EXERCISE DESCRIPTION |
Skip all pictures. Write out the data below from its first line through the line that contains "1 Người đẹp".

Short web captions
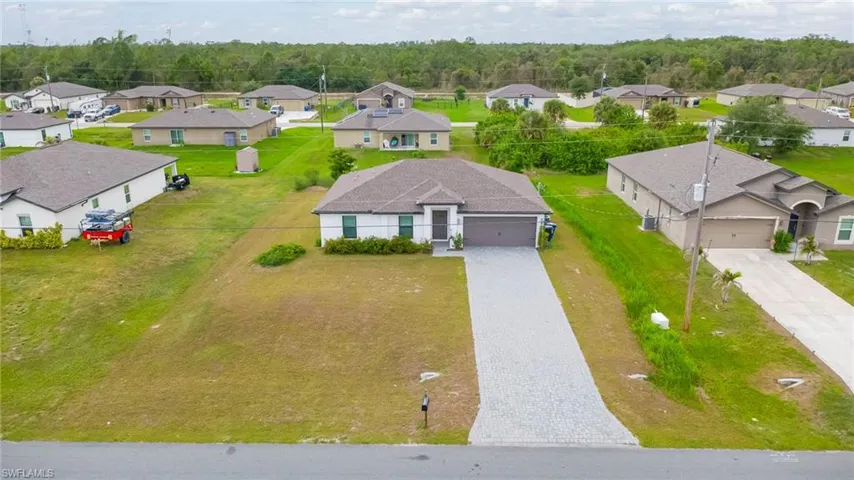 150 Blackstone Dr, Fort Myers, Florida 33913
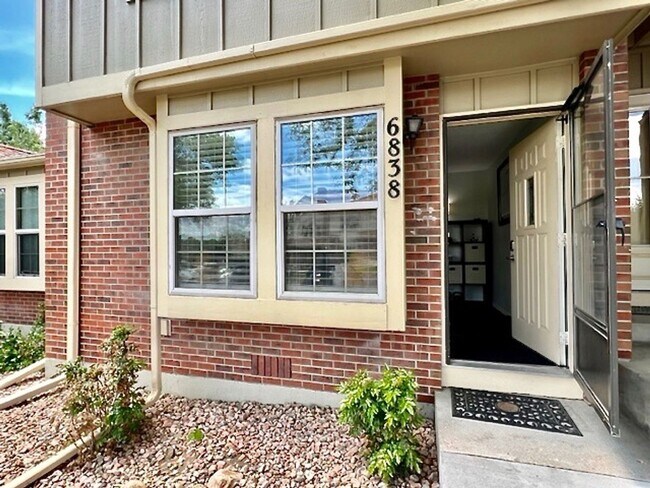 Building Photo - FURNISHED Two Bedroom Two Bath Condo on th...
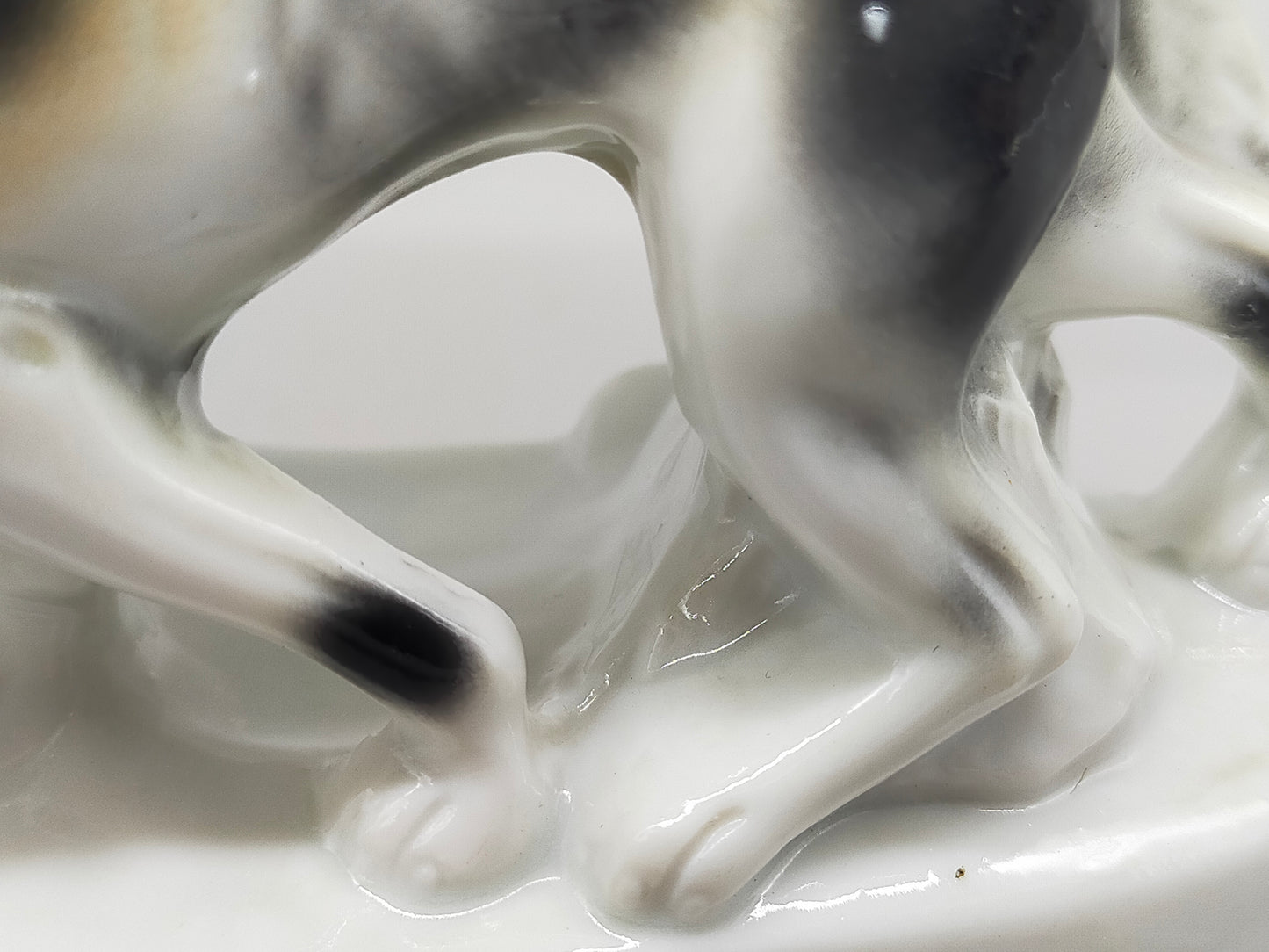 Antike Thüringer Porzellanfigur Jagdhunde – Detailreiche Handarbeit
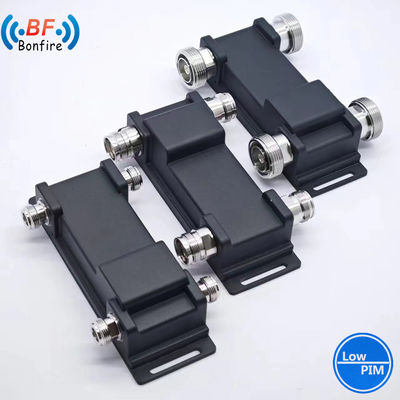12.00cm * 7.00cm * 4.00cm 617-3800MHz 2 out 1 in 3dB Hybrid Combiner Coupler N Female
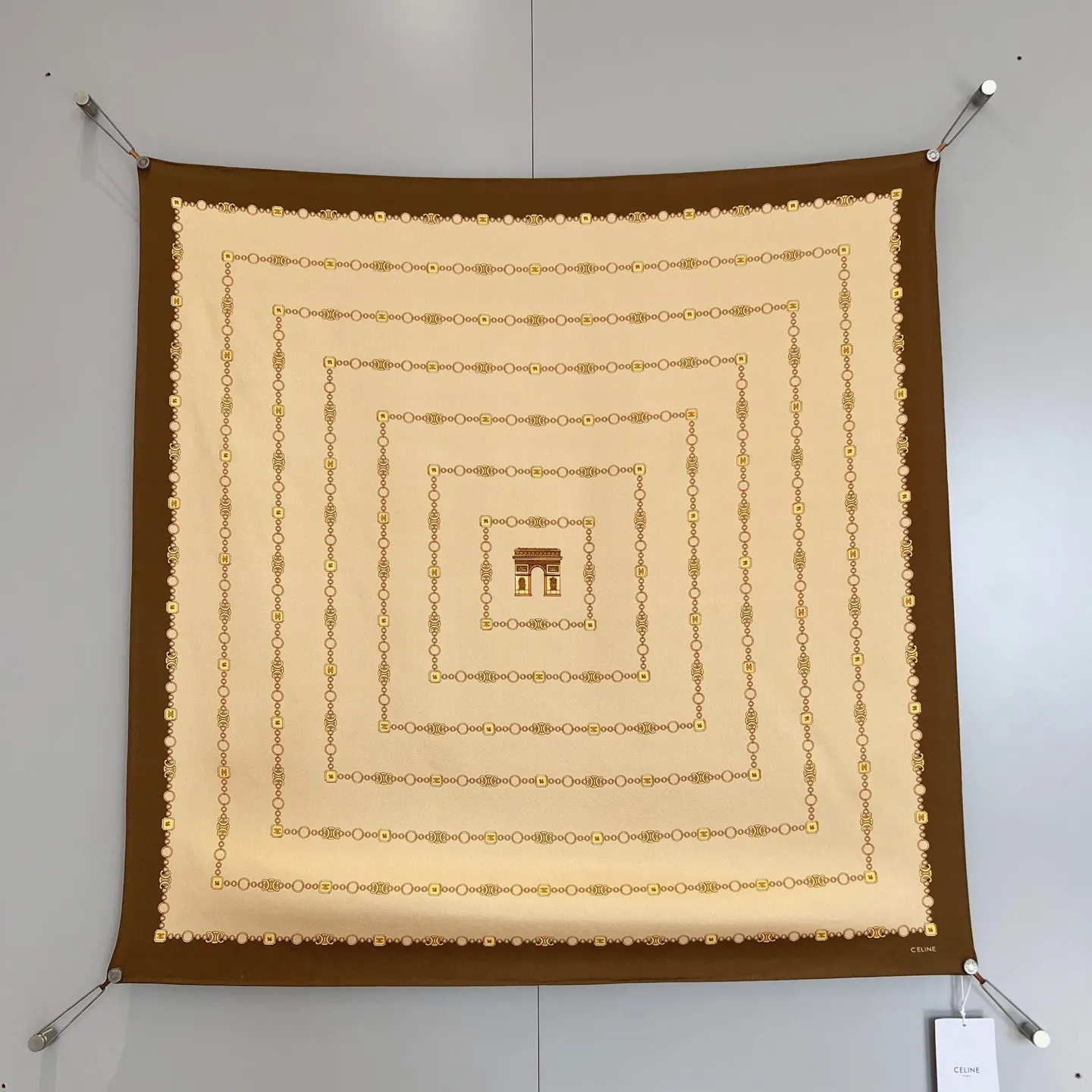 CELINE Женский платок шёлк CELINE Женский платок шёлк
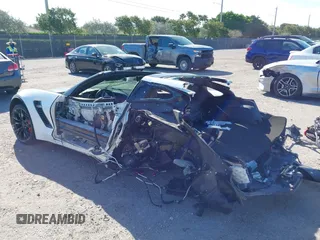 2017 Chevrolet Corvette Z06 2LZ z VIN 1G1YS2D60H5603089, wystawiony jako IAAI lot #42449220 z przebiegiem Nie podano mil oraz . Historia ofert i sprzedaży dostępna na DreamBid. Obrazek 3.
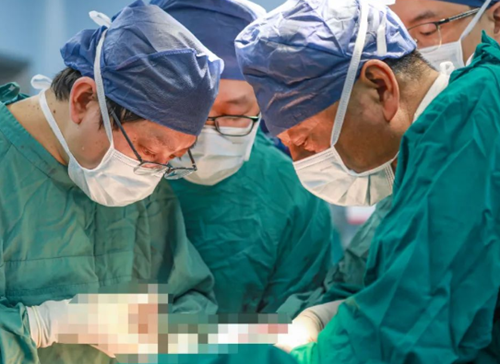 挑戰(zhàn)胸外領域“珠峰”！他為71歲老人摘除胸內巨大罕見腫瘤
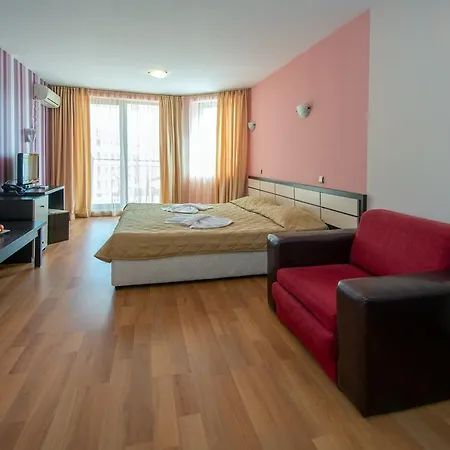 Hotel South - New Management And Free Access Tsarevo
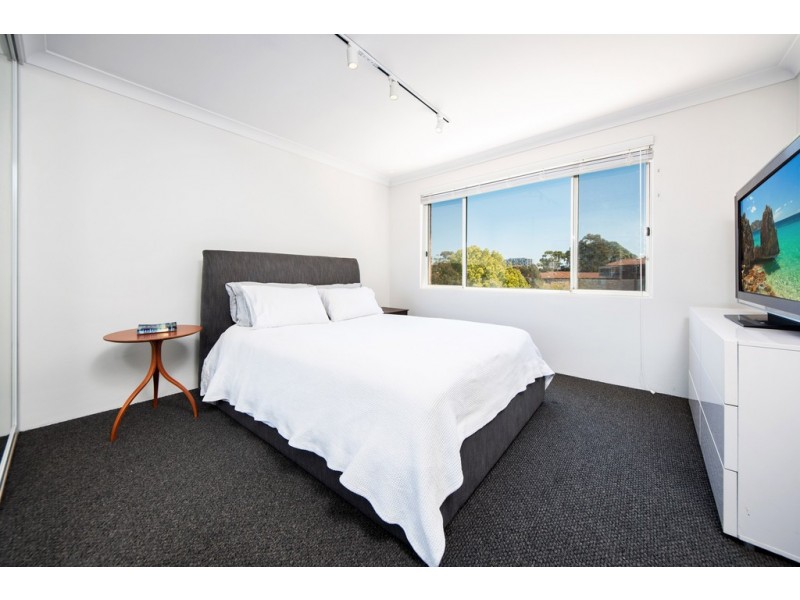 8/1-7 Gloucester Place, Kensington NSW 2033
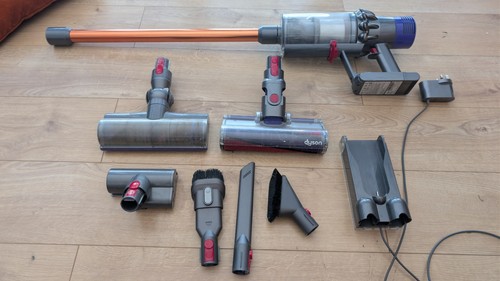 Dyson v10 cordless vacuum - v10,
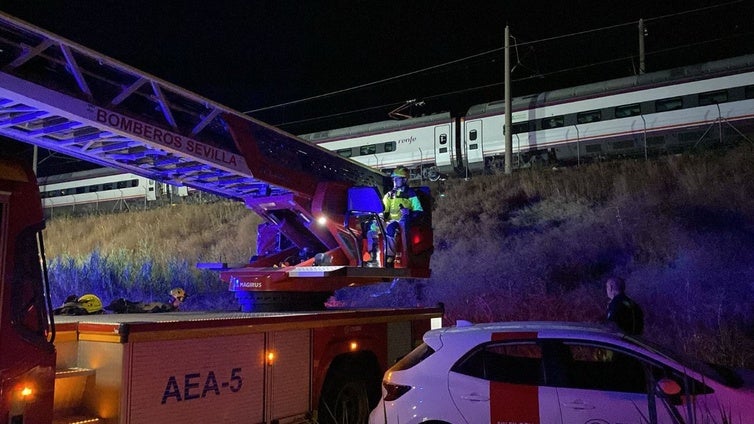 El problema ferroviario entre Majarabique y Sevilla afectó a 2.200 pasajeros que tuvieron que estar hasta diez horas parados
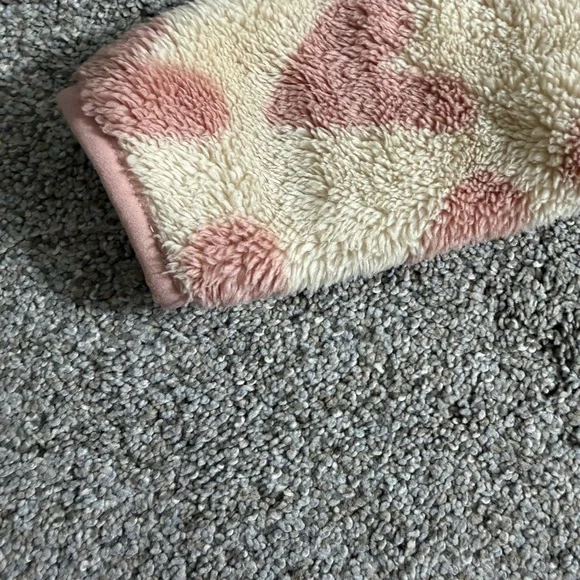 Hanna Andersson Print Recycled Marshmallow Fleece Jacket in Oat Hearts Size 2T - Picture 7 of 15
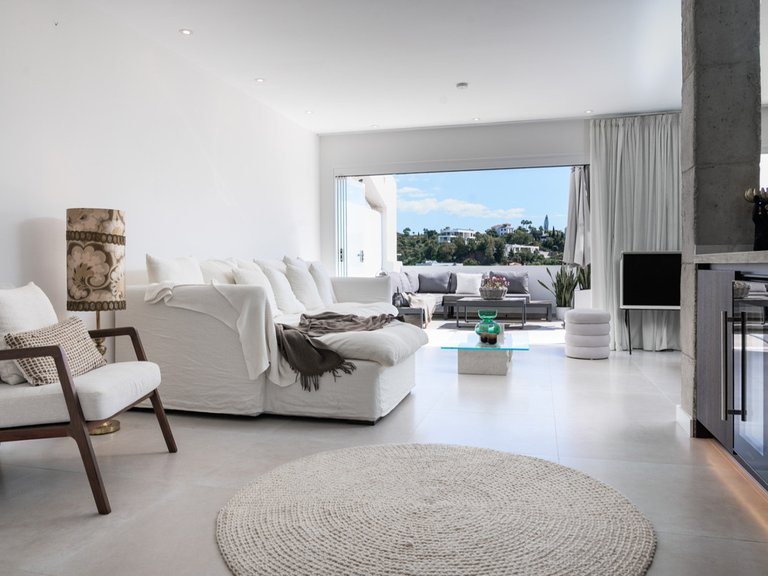 Apartment for Sale in La Quinta, Malaga 8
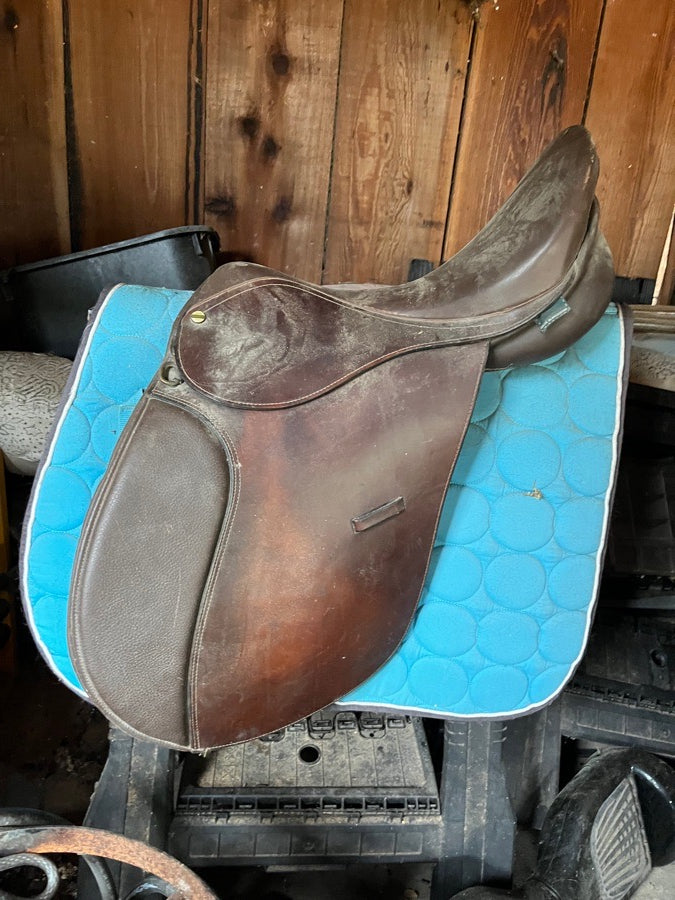 HDR - HENRI DE RIVEL Used all purpose saddle
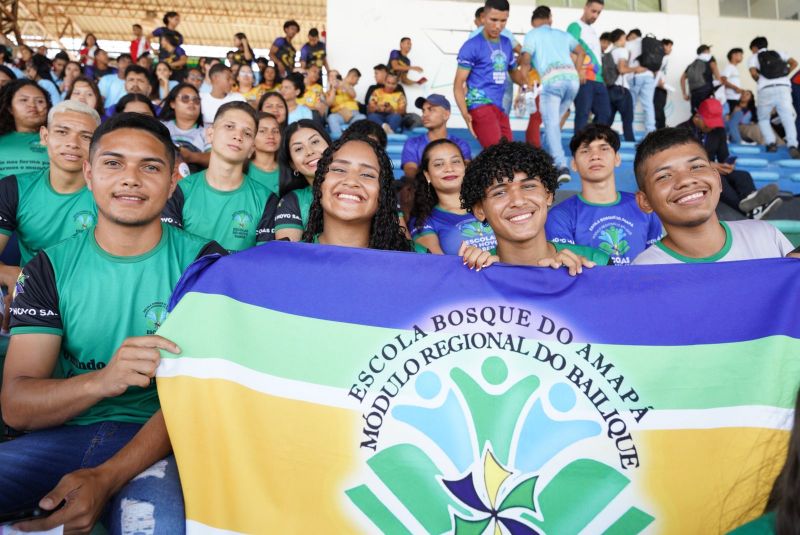 Governo do Amapá traz estudantes do Bailique para 'Aulão Show’ da Central do Enem 2024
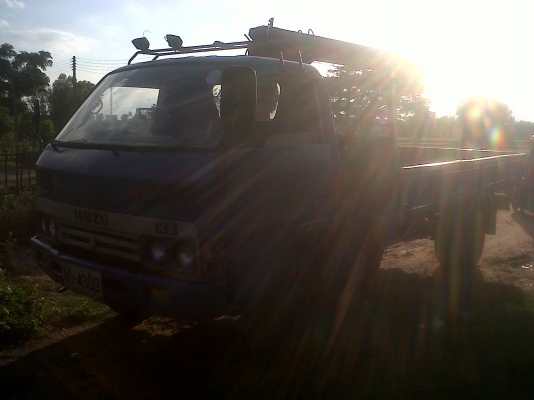 -ขายด่วน  KS 110 ติดเครน  เครนยกได้ 3 ตัน รถพร้อมใช้  เอกสารพร้อมโอน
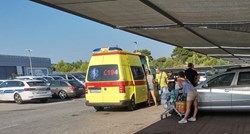 Roditelji iz Češke ostavili dijete u vrućem autu na parkingu dućana u Zadru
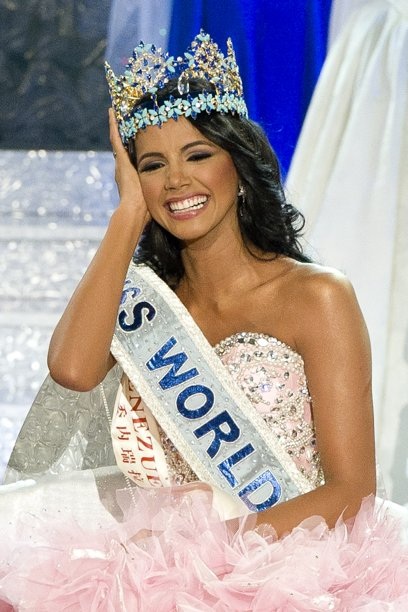 Người đẹp Venezuela đăng quang Hoa hậu thế giới 2011 - 1 Người đẹp Venezuela đăng quang Hoa hậu thế giới 2011 - 1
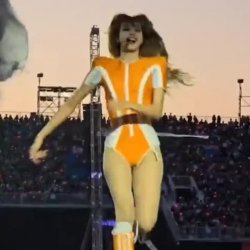 Asian Celebrity Thot Lisa Blackpink Thai Slut JOI KPop + Tyla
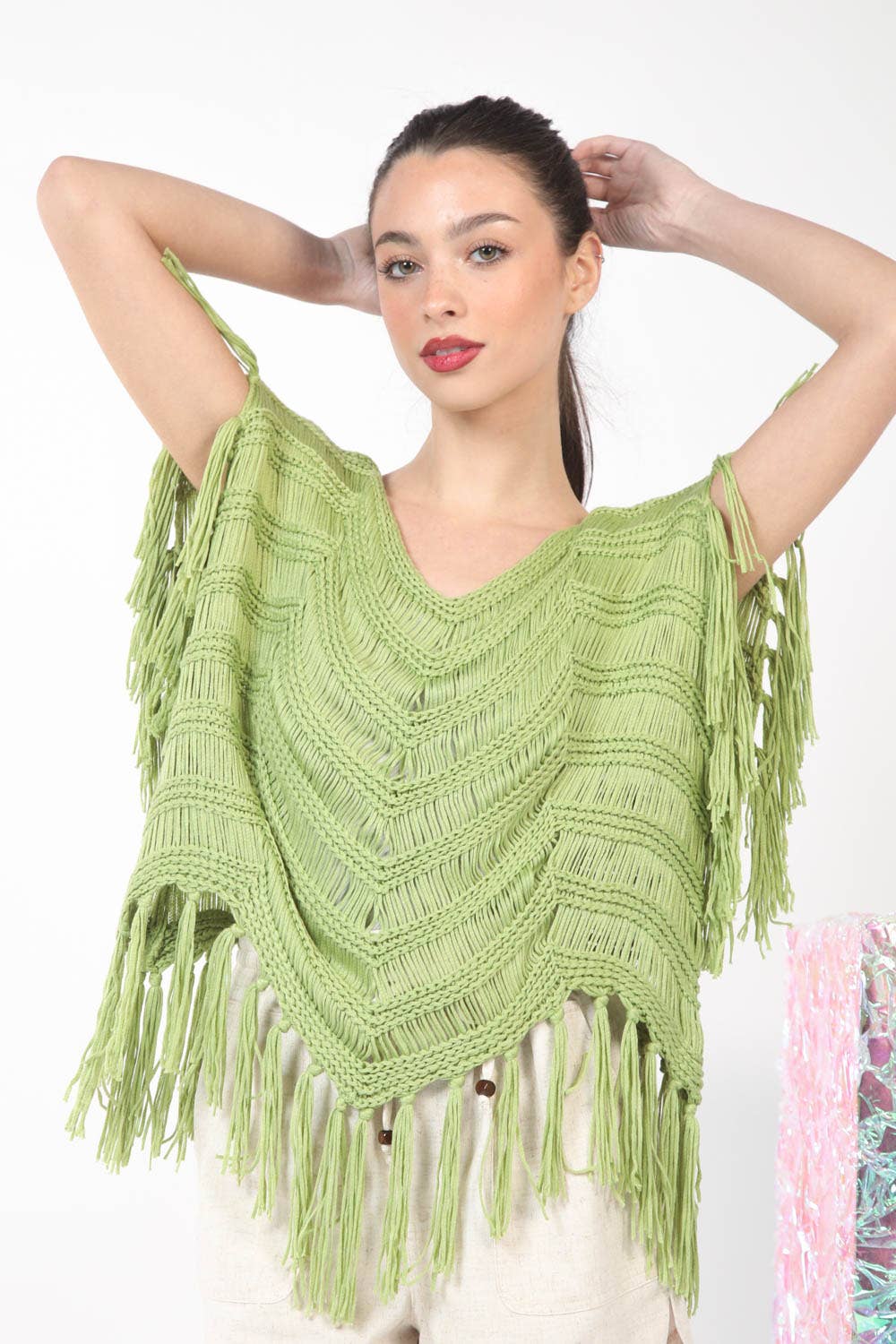 VERY J – Großhandel Strickoberteil – Damen – 12W3006N-Oversize-Pullovertop mit Fransendetail6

ANSWER BOX |
 150 Blackstone Dr, Fort Myers, Florida 33913
 Building Photo - FURNISHED Two Bedroom Two Bath Condo on th...
 Antike Thüringer Porzellanfigur Jagdhunde – Detailreiche Handarbeit
12.00cm * 7.00cm * 4.00cm 617-3800MHz 2 out 1 in 3dB Hybrid Combiner Coupler N Female
 CELINE Женский платок шёлк CELINE Женский платок шёлк
 2017 Chevrolet Corvette Z06 2LZ z VIN 1G1YS2D60H5603089, wystawiony jako IAAI lot #42449220 z przebiegiem Nie podano mil oraz . Historia ofert i sprzedaży dostępna na DreamBid. Obrazek 3.
 挑戰(zhàn)胸外領域“珠峰”！他為71歲老人摘除胸內巨大罕見腫瘤
 Hotel South - New Management And Free Access Tsarevo
 8/1-7 Gloucester Place, Kensington NSW 2033
 Dyson v10 cordless vacuum - v10,
 El problema ferroviario entre Majarabique y Sevilla afectó a 2.200 pasajeros que tuvieron que estar hasta diez horas parados
 Hanna Andersson Print Recycled Marshmallow Fleece Jacket in Oat Hearts Size 2T - Picture 7 of 15
 Apartment for Sale in La Quinta, Malaga 8
 HDR - HENRI DE RIVEL Used all purpose saddle
 Governo do Amapá traz estudantes do Bailique para 'Aulão Show’ da Central do Enem 2024
 -ขายด่วน  KS 110 ติดเครน  เครนยกได้ 3 ตัน รถพร้อมใช้  เอกสารพร้อมโอน
 Roditelji iz Češke ostavili dijete u vrućem autu na parkingu dućana u Zadru
 Người đẹp Venezuela đăng quang Hoa hậu thế giới 2011 - 1 Người đẹp Venezuela đăng quang Hoa hậu thế giới 2011 - 1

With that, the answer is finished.